Bien souvent, on entend des non-croyants dire que les croyants ne sont au fond que des gens faibles qui ont besoin de béquilles; le Dieu qu’ils imaginent ce sont ces béquilles qui les soutiennent dans l’existence, et leur donnent un espoir fictif.  Mais comme ils ne peuvent s’en passer, ils font un sacrifice intellectuel en acceptant de croire en toutes sortes de choses qu’ils ne peuvent ni prouver ni démontrer.  Alors, n’éludons pas la question: la foi chrétienne n’est-elle qu’une béquille au service de gens faibles et peureux?   Je commencerai par répondre en prenant l’exemple des jeux paralympiques: on peut être grandement handicapé, devoir se servir de prothèses, d’aides extérieures à son corps, et pourtant vaincre des obstacles que des gens sans handicaps n’imagineraient jamais vaincre eux-mêmes.  Les performances accomplies par les athlètes paralympiques nous stupéfient littéralement, elles sortent de l’ordinaire et nous remplissent d’admiration.  Et bien ce qu’une vraie foi fait accomplir à ceux qui la possèdent est du même ordre.  Le croyant sincère se sait handicapé par une nature déformée, qui n’est plus ce qu’elle devrait être, ce qu’elle aurait toujours dû être.  Oui, il a besoin d’une aide extérieure, et ne le niera jamais.  Il n’est pas auto-suffisant et n’a pas honte de l’admettre.  Ce sont les fous et les orgueilleux qui refusent de l’admettre. Lui cherche sa vie en dehors de lui-même, par la foi en Jésus-Christ, Dieu incarné.  Et c’est là qu’il trouve cette vie.  Il la trouve si bien que cette foi le transforme et peut lui faire renverser des montagnes, vaincre des obstacles réputés infranchissables.  Ce sont parfois des obstacles intérieurs, dont peu de gens autour de lui ont conscience, peu importe.  Mais que dire, par exemple,  de tant de jeunes filles chrétiennes dans certains pays qui, aujourd’hui même, paient  de leur vie leur foi en Jésus-Christ, alors que les medias n’en soufflent mot, par indifférence ou par lâcheté?  Dirons-nous que ces jeunes filles sont des personnes faibles et peureuses?   C’est justement tout le contraire!  Elles puisent en Jésus-Christ une force  qui sort de l’ordinaire, qui en soi est un miracle.

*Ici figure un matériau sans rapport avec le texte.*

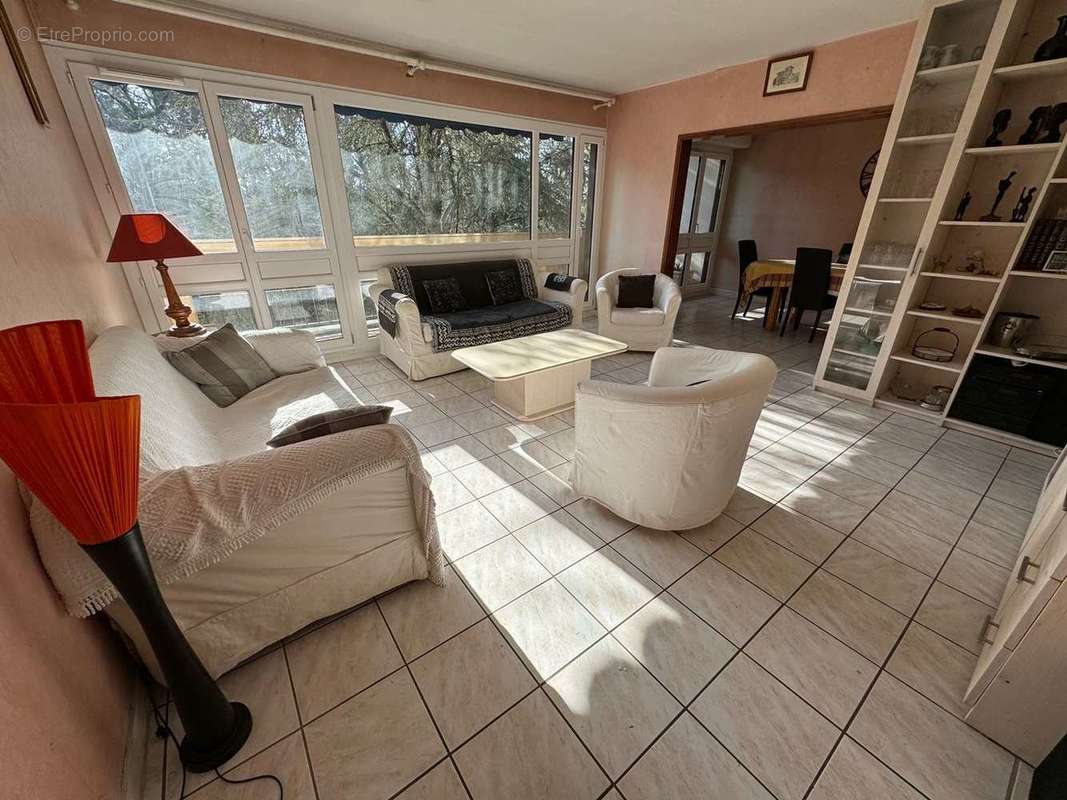 Appartement à PESSAC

Et puis, ceux qui se moquent des soi-disant béquilles des chrétiens devraient honnêtement se poser la question de savoir quelles béquilles ils utilisent eux-mêmes pour les porter à travers l’existence.  Ces béquilles tiennent-elles vraiment le coup? Qui niera que notre société en rupture de Christianisme soit marquée par un égoïsme et un matérialisme sans précédent?  Il paraît que la liberté et la justice allaient se lever tels le soleil  matinal, sur une société enfin débarrassée de ses mythes chrétiens séculaires.  Or, en lieu et place de justice et de liberté on observe toutes sortes d’esclavages modernes destructeurs, qu’il serait trop long d’énumérer ici.  Vous pouvez vous-mêmes en faire l’inventaire, si vous êtes un tant soi peu lucides.  Je préfère, quant à moi, vous citer un passage de la seconde lettre de l’apôtre Paul aux chrétiens de Corinthe, au chapitre 12, dans lequel il parle de la vraie force qui se manifeste au travers de la faiblesse: alors que Paul se sent terriblement opprimé dans son corps - on ne sait pas exactement de quel mal il s’est agi - alors qu’il a supplié Dieu d’éloigner de lui cette grande épreuve, il reçoit du Seigneur la réponse suivante: Ma grâce te suffit, c’est dans la faiblesse que ma puissance se manifeste pleinement.  C’est pourquoi, ajoute Paul, je me vanterai plutôt de mes faiblesses, afin que la puissance du Christ repose sur moi.